Many other innovations and subtleties can be found in the movement. For example, to integrate the added second subject Beethoven made it motivically related to the first subject, although its character is very different. As the two themes are developed, their relationship becomes increasingly plain, until at the end of the coda, they are virtually fused together into a single melodic line. As so often, Beethoven's coda provides a reconciliation of opposites, and the movement finished with the same motif with which it had begun. Another interesting facet of the movement is this manipulation of individual pitches and degrees of the scale. The interplay between C and D-flat, often supported by F minor and G flat major triads respectively, is one of the primary foundations of the movement, and indeed the whole sonata. Sometimes the two notes occupy corresponding positions in consecutive phrases: thus the opening phrase begins on C and the second on D-flat. Sometimes they are juxtaposed in a single motif; the two notes are even superimposed in bars 235-6, where this same motif occurs with the specific instruction 'sempre Ped.' to create a blurred effect. The eventual release of the pedal in bar 237, enabling the motif to be heard once again with crystal clarity, is one of the most striking moments in the entire sonata.
The second movement is in D flat major, and when D-flat and C are heard consecutively (bars 7-8), it is as part of a peaceful, almost static melody. The movement consists of a set of increasingly decorative and energetic variations, but barely a hint of a modulation until the mysterious diminished-7th chord in the penultimate bar, which then leads into the finale without a break. The finale resumes the mood of the first movement, with again much development of the C-D-flat relationship. The movement is in sonata form, but with two significant formal innovations: a repeat is marked for just the second part of the movement (development and recapitulation); and the coda begins with a section in a closed binary form marked 'Presto' and suggesting some wild dance. The main finale theme then returns at this new speed, and the movement concludes with descending F minor arpeggios, matching the first movement" (Cooper: 144-145).
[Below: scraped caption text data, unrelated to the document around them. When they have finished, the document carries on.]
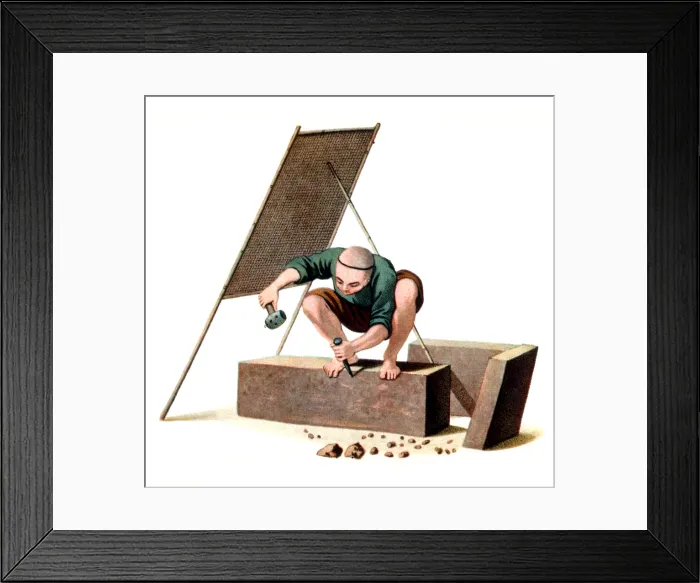 Framed Print : Chinese Stonemason Framed Print : Chinese Stonemason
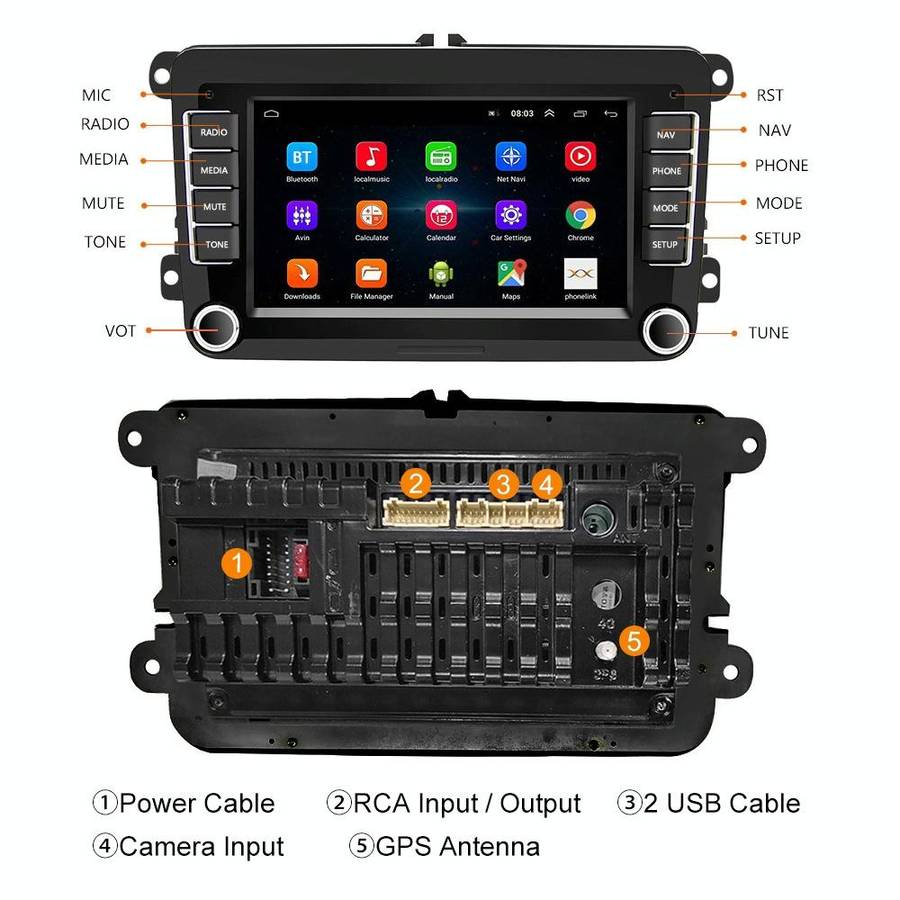 A3040 For Volkswagen 7-inch 2+32G Android Car Navigation Central Control Large Screen Player With...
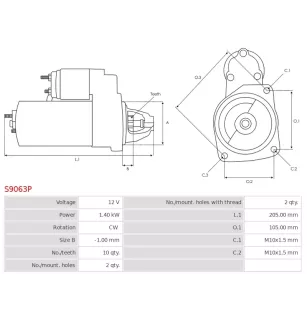 Démarreur 12V 1.40Kw 10 dents VOLVO 30659557, 31268035, 31652010,
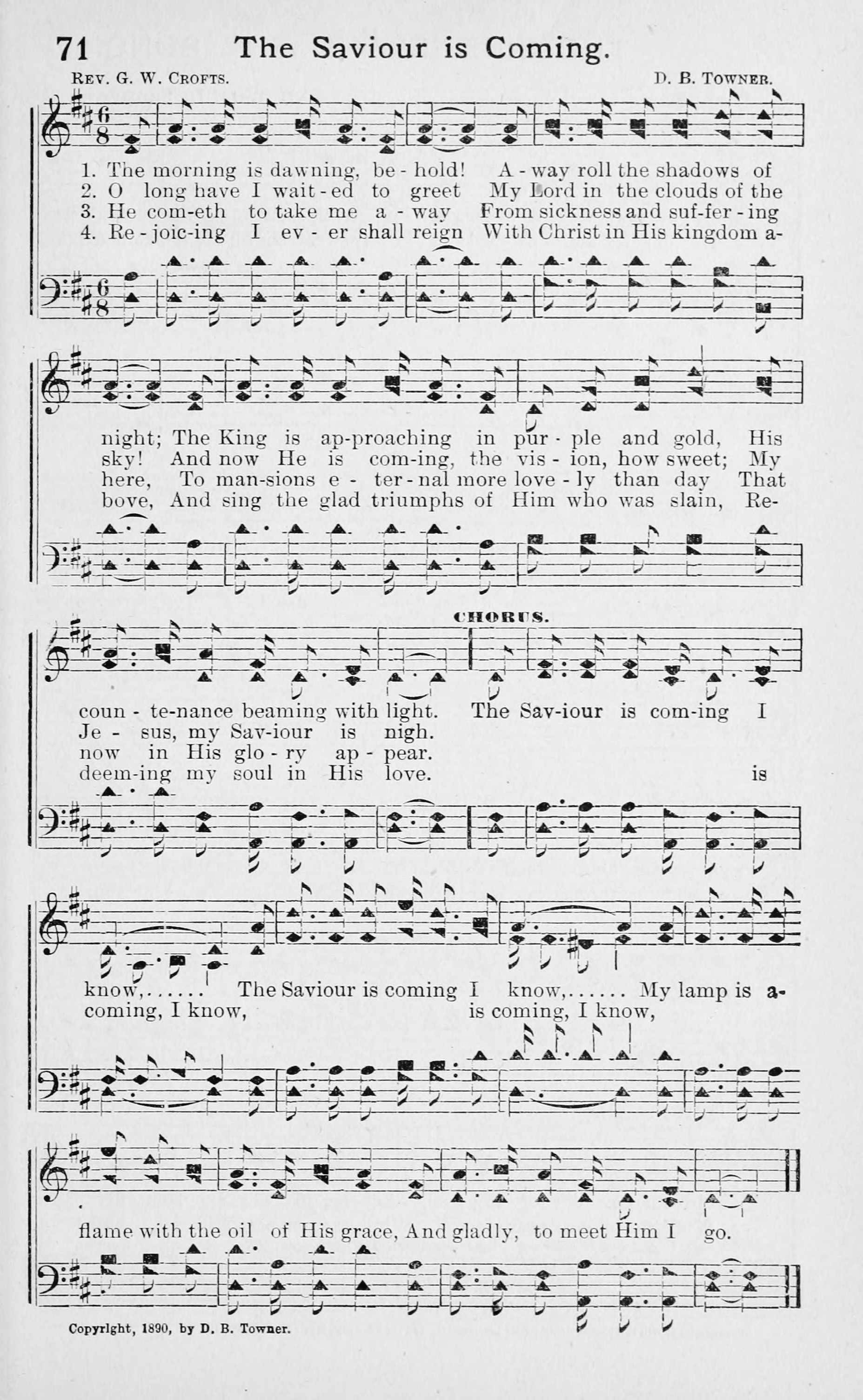 Hymn Sheet for The Saviour Is Coming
Let us see what Kaiser has to write on this sonata:
">>Beethoven selbst hielt diese Sonate für seine größte (bis zu der Zeit, als er Op. 106 komponiert hatte)<<, berichtet Beethovens Schüler Carl Czerny. Ehrfürchtig scheint die klavierspielende Welt Beethovens Meinung zu teilen. Seit dies von stürmischen Verläufen und Prozessen ungeheuerlich erfüllte f-Moll-Sonate existiert, seit ihr der Titel >>Appassionata<< anhaftet, mit dem aber keineswegs Beethoven, sondern ein Hamburger Verleger im Jahre 1838 was Werk etikettierte, gilt Opus 57 als leidenschaftlichstes klassiches Drama, das je für Klavier komponiert wurde.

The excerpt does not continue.